For Leslie, not a day goes by that she wishes this had never happened to her son.
“You always wonder what life would be like otherwise,” she said.
But Jablonski has embraced what life has given him, and he’s not just putting on an act. He is honest about the journey he has taken and willing to discuss his traumatic injury to the point where he’s made jokes about it, according to Amy MacRae, a close friend.
“He’s very straightforward,” said MacRae, a sophomore majoring in journalism. “He knows his situation, and he doesn’t try to sugarcoat it.”
MacRae thinks Jablonski’s openness is one of his best attributes, allowing others in similar situations to look to connect with him and gain inspiration from him.
“He knows it’s horrible, but his life is still going to go on,” MacRae said. “His life’s not over. He’s still alive.”

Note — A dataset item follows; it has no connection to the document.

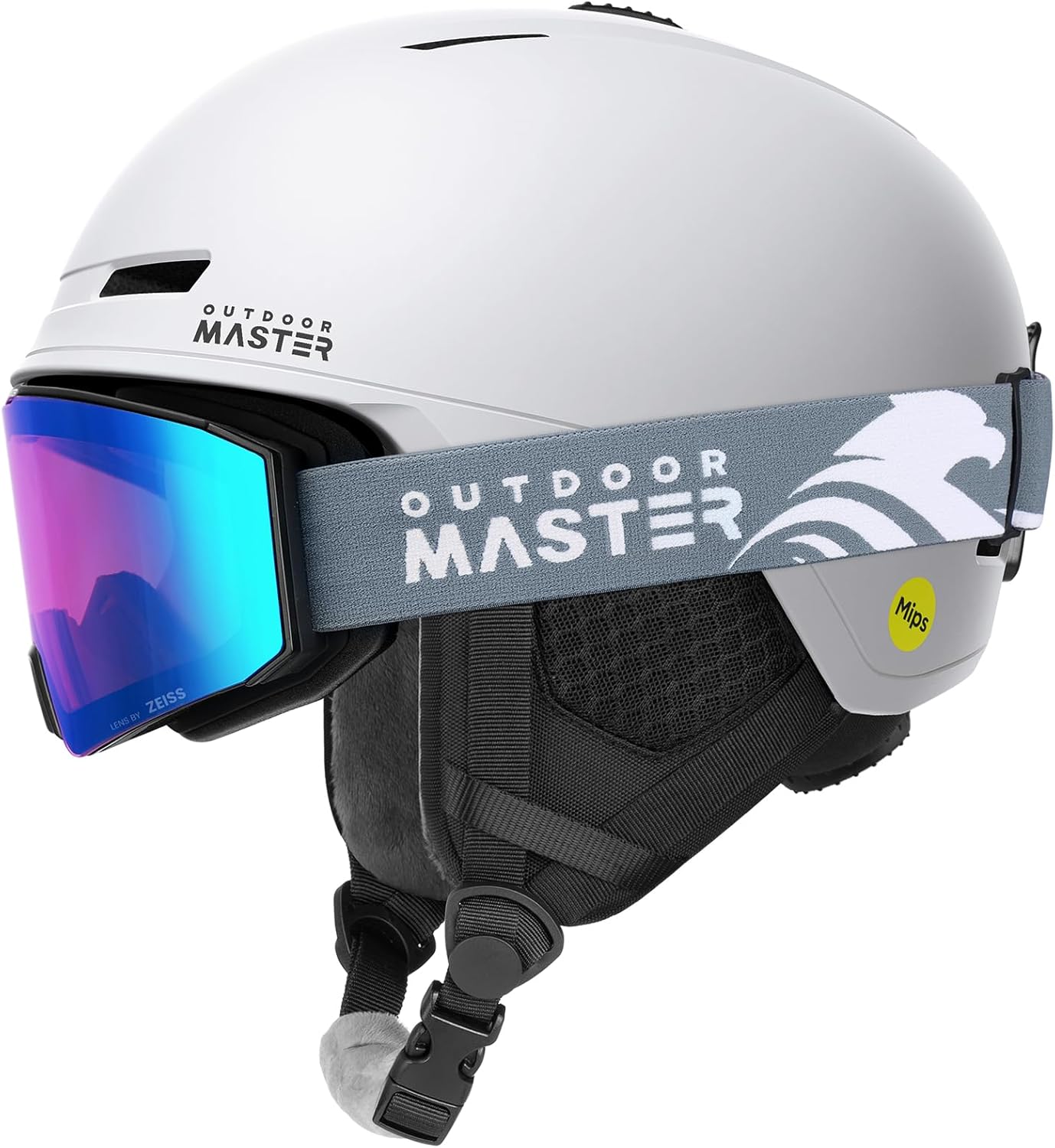 OutdoorMaster Ski Helmet Set,MIPS Ski Helmet with Lens by ZEISS Ski Goggles - MI...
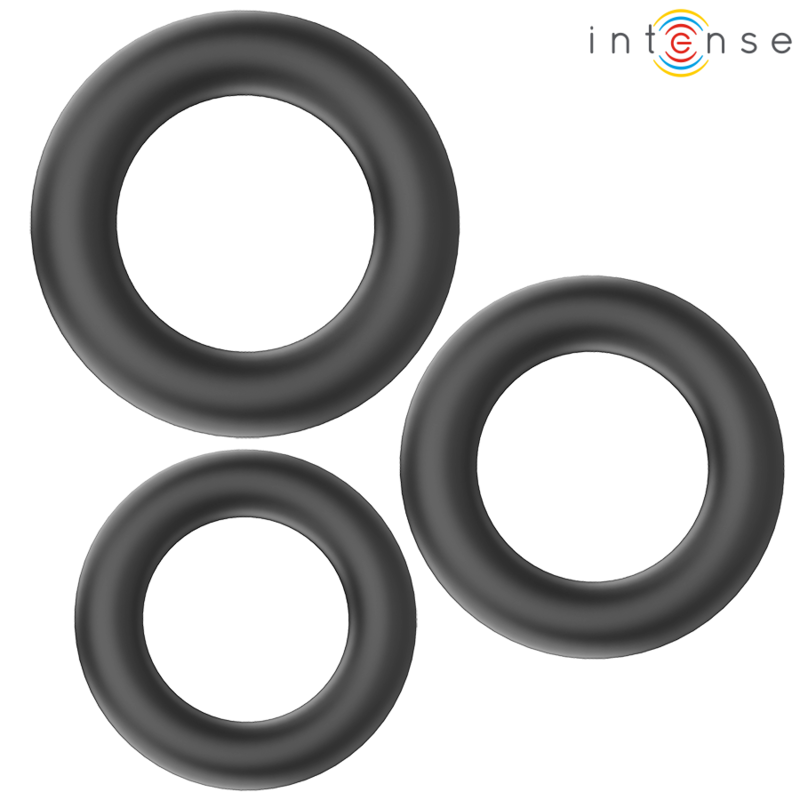 INTENSE - HUGH 3 BASICS SILIKON-PENISRINGE SCHWARZ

Oh, he’s alive alright — more than just alive — and anyone who spends enough time with him can see the evidence. You see it in his determination, in his everglowing positivity that began from day one of the injury and is still emanating, bright as ever. You see it in his desire to remain invested in the game of hockey, in his foundation where he is using the fame and media attention to help not just himself, but also everyone affected by spinal cord injury. And you see it during his thrice-a-week rehab sessions, in the effort he puts in just to stand up and move his arms.
His arms have gotten stronger, his trainers say. And every time Leslie sees him, he looks “stronger and stronger.” Jablonski doesn’t doubt that he will walk again, but he knows the chances are slim. And yet, here he is, still fighting, still living, still dreaming. The blindside hit in a holiday tournament hockey game may have taken away Jablonski’s mobility, but it’s brought out the best in him.
“If there’s a good side to a tragedy,” Leslie said, “we’ve seen it.”